Task requirements:
Find the string "background" in the data, then copy every line where it is found.

Material to process:
##############################

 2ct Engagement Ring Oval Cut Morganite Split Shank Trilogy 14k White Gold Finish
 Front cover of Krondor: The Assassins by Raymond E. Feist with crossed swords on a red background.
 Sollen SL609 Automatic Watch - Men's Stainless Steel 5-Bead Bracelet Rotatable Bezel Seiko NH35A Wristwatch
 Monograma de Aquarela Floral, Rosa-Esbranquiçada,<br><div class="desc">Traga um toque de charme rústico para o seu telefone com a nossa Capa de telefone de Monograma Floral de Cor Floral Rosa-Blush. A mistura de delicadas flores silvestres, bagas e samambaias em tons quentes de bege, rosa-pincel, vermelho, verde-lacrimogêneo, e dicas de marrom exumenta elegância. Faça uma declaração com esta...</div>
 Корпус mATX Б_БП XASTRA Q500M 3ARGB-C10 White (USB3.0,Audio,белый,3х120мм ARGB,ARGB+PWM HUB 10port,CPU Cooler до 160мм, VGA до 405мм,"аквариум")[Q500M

##############################

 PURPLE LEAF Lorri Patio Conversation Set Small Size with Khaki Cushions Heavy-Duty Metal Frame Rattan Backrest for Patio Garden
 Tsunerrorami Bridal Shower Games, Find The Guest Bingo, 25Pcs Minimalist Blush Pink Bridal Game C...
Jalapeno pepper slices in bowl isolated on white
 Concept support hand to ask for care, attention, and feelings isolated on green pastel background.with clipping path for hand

##############################

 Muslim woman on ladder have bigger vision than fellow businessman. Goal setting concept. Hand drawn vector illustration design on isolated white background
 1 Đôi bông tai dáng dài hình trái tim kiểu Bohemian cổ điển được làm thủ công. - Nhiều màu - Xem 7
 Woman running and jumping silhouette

##############################

Task solution:
 Front cover of Krondor: The Assassins by Raymond E. Feist with crossed swords on a red background.
 Concept support hand to ask for care, attention, and feelings isolated on green pastel background.with clipping path for hand
 Muslim woman on ladder have bigger vision than fellow businessman. Goal setting concept. Hand drawn vector illustration design on isolated white background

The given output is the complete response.